Un contrôle bruyant, mais inefficaces
Il n’est cependant pas toujours facile de dissuader quiconque d’utiliser sa caméra dans une entreprise ou dans un lieu public. Me Tremblay Potvin évoque, entre autres, le cas des personnes en résidence pour aînés, où le droit de l’individu ou de sa famille de filmer est dûment reconnu, puisqu’il s’agit du milieu de vie, donc de l’espace privé du bénéficiaire, qu’il peut aménager comme il l’entend.
Camille Alloing manifeste cependant ouvertement ses doutes quant à la possibilité que ces méthodes de supervision parviennent à stimuler l’envie de mieux faire son travail. Il rappelle, au passage, que, dans les cas hypermédiatisés de George Floyd et de Joyce Echaquan, les employés se savaient filmés. Celui-ci croit, au contraire, que la crainte constante d’être filmé finit par raffiner des méthodes pour éviter de se faire prendre ou provoque des réactions de panique:

Camille Alloing
Avec les salariés, c’est pareil : si tu fais mal ton travail, tu vas être puni, mais si tu es filmé, cela peut provoquer des comportements qui vont être inattendus. Soit le salarié va se plier aux règles et, même s’il est dans une situation où c’est lui qui a raison, il va se donner tort et ça va créer une détresse chez lui, ou il va avoir des réactions inattendues parce qu’il a peur d’être filmé, parce qu’il ne veut pas être filmé et pense qu’il va lui arriver quelque chose.
Les effets de cette supervision massive sous toutes ses formes sont bien documentés, notamment parce que les employeurs eux-mêmes recourent à des outils de microgestion de plus en plus sophistiqués pour s’assurer que leurs employés correspondent en tout point et à tout moment à l’image qu’ils voudraient refléter. Parmi les impressionnants exemples de cette tendance, Camille Alloing nomme les logiciels de reconnaissance des fluctuations de la voix ou de reconnaissance faciale des employés. Et plusieurs sources semblent confirmer que le télétravail a poussé les employeurs à investir encore plus en ce sens.
Mais, aux dires de ce chercheur, les promesses de rendement de cette technologie mènent souvent plutôt à des conséquences désastreuses, entre autres sur le stress et l’épuisement professionnel.
Diane-Gabrielle Tremblay croit également que l’employeur a plus à perdre qu’à gagner par ce contrôle extrême, même sur le plan de son image. Car pour attirer et fidéliser ses clients, le gestionnaire doit d’abord retenir et fidéliser les employés auxquels les clients sont attachés: «À l’heure actuelle, dans un contexte où on essaie de trouver et de garder des gens, le fait de reconnaitre leur travail positivement, le fait de leur donner de l’autonomie, c’est très important.»

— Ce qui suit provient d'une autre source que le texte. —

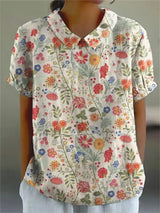 Imprimé floral 3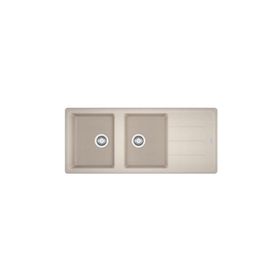 Franke Basis BFG 621 Sahara Granit Evye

Savoir démontrer sa transparence
Camille Alloing souligne aussi qu’une image de marque personnalisée et un service adapté sont ce que les entreprises d’aujourd’hui promettent à leur clientèle et qu’un service trop standardisé les fait passer totalement à côté de cet objectif. Ce chercheur en communication publique affirme même qu’une compagnie où le discours est définitivement trop lisse et où il devient évident que les employés n’osent pas transmettre quelqu’opinion que ce soit peut, paradoxalement, miner la confiance envers l’organisation : « Moi, j’ai envie de vous dire qu’une organisation qui se méfie de la prise de parole de ses collaborateurs est une organisation qui doit aussi maltraiter ses collaborateurs ou qui doit avoir des produits ou des pratiques qui ne sont pas très clairs, parce que, plus on laisse les personnes s’exprimer, plus on est dans une politique de transparence. Plus on essaie de réduire la prise de parole, notamment des collaborateurs, plus on a des choses à cacher. »
Ces entreprises ne sont peut-être pas de si grandes cachotières, au fond, admet Monsieur Alloing, mais elles s’imposent parfois des images idéales et des standards impossibles à atteindre. Placer ses employés en position de faire craqueler cette image à n’importe quel moment, simplement parce qu’ils ne parviennent pas à démontrer cette allure de perfection et de satisfaction continuelle, ne fait qu’accroitre de fossé de façon progressive: «Alors si vous voulez maintenir votre performance et garder des personnes, votre organisation doit penser au bien-être de ses collaborateurs en fonction de leurs expressions et de ce qu’ils demandent et non pas en fonction de ce qui serait une image à construire.».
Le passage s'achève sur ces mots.